HELSINKI — Flights from the eastern Finnish town of Savonlinna near the Russian border to the capital, Helsinki, have been temporarily suspended due to disruptions in GPS signal in eastern parts of the Nordic country, preventing pilots from landing safely.
Finnish communications authority Traficom confirmed Tuesday that GPS disruptions have been recorded in eastern Finland, but declined to comment on how long or how wide the disruptions were.
Transaviabaltika, a Lithuanian airline that operates on the Finnish domestic route with a small turboprop plane, said its pilots have tried landing several times at the Savonlinna airport since Sunday, but have been forced to turn back to Helsinki each time as the GPS signal was disrupted.
Finland shares a 1,340-kilometer (833-mile) land border with Russia. The lakeside town of Savonlinna is a mere 70 kilometers (43 miles) from the border.
In late 2018, the Finnish government said the country’s GPS location signals were intentionally disrupted in the northern Lapland region and the country’s prime minister acknowledged that it was possible that Russia was the disrupting party.
At the same time, the Norwegian Defense Ministry said Russian forces in the Arctic disturbed GPS location signals during a large NATO drill in the country.

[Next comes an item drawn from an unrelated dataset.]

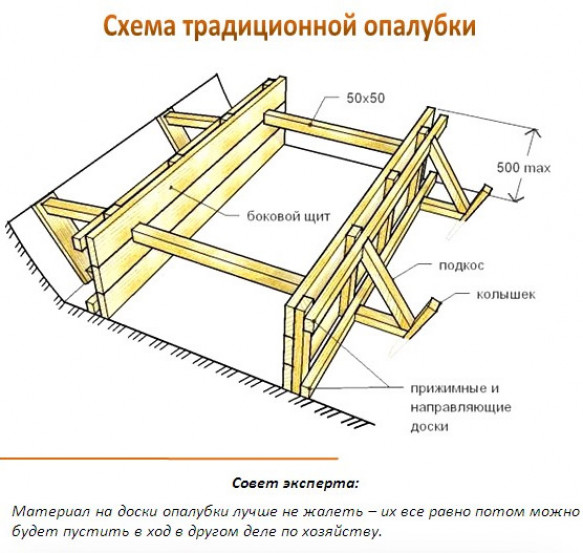 Технология строительства по шагам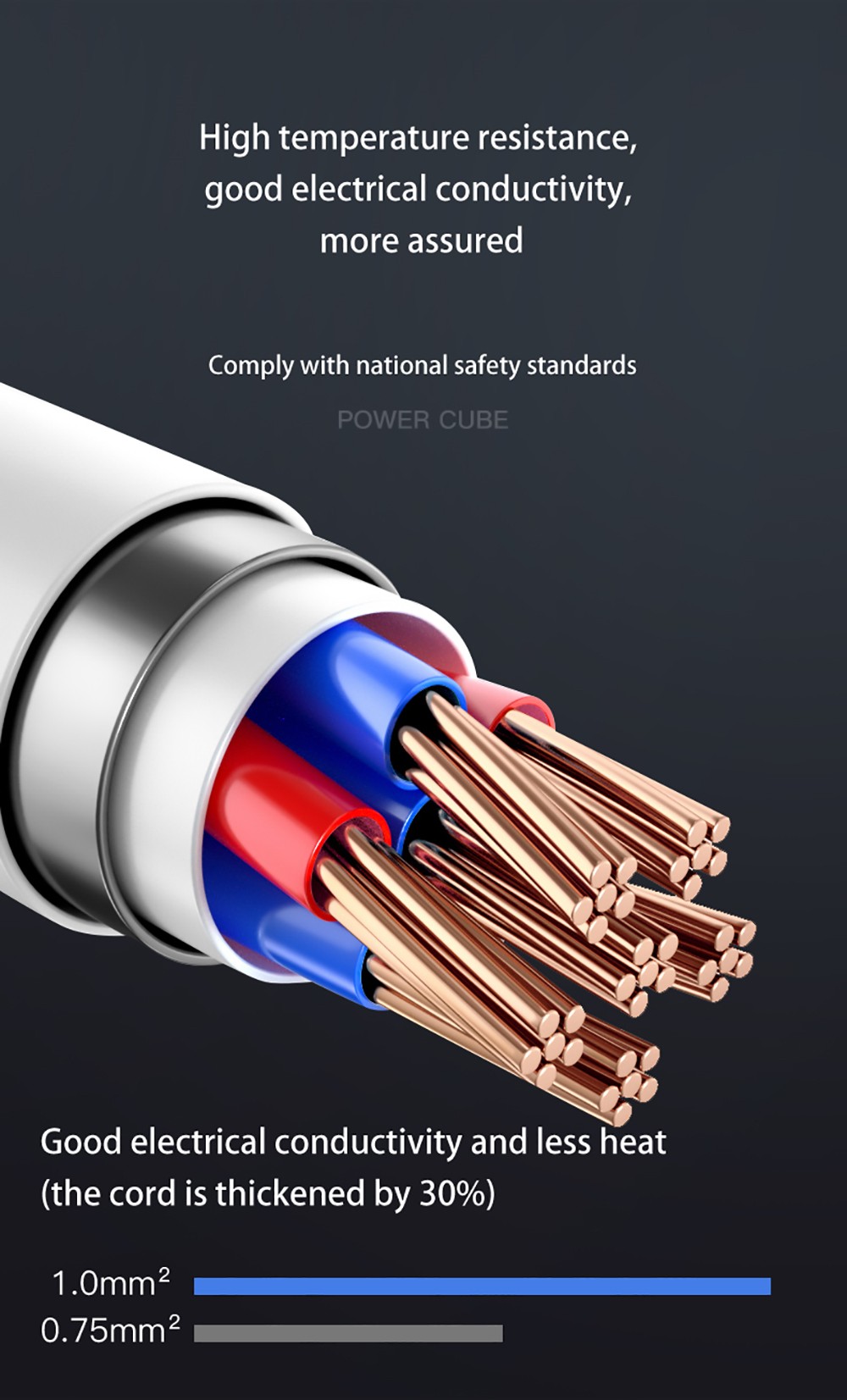 Sopend E02A Powercube Cordless Power Strip Socket, EU Plug, 2 USB-A Ports, 4 Outlets - Grey and White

GENEVA — The international scientific laboratory that is home to the world’s largest atom smasher says it is suspending Russia’s observer status and halting any new collaboration with Russia or its institutions “until further notice.”
The European Organization for Nuclear Research, known as CERN, said its 23 member states — all European, plus Israel — condemned Russia’s invasion of Ukraine. Ukraine is one of seven associate member states, and Russia, like the United States, Japan and the European Union, has had observer status.
The CERN council made the decisions about Russia at a special meeting on Tuesday and expressed its support “to the many members of CERN’s Russian scientific community who reject this invasion.”
CERN is home to the Large Hadron Collider, the world’s largest particle accelerator.
HELSINKI — Finland will donate 15 decommissioned ambulances and two fire trucks to Ukraine, and they are expected to be delivered in the country within a week, Finnish media outlets say.
Ten of the ambulances come from hospital districts across Finland and five from rescue services, Finnish public broadcaster YLE said Tuesday.
The ambulances have just recently been taken out of service, YLE said, quoting health and rescue officials. Decommissioned ambulances are usually sold, but now it was decided to donate them to Ukraine, YLE said.
Finland will also give humanitarian help to Moldova including a field kitchen, five large multi-purpose tents for emergency accomodation and two shower tents to be used by refugees from Ukraine.
A Danish ambulance services and patient transportation company Falck said last week that it donated 30 ambulances to Ukraine and neighboring countries.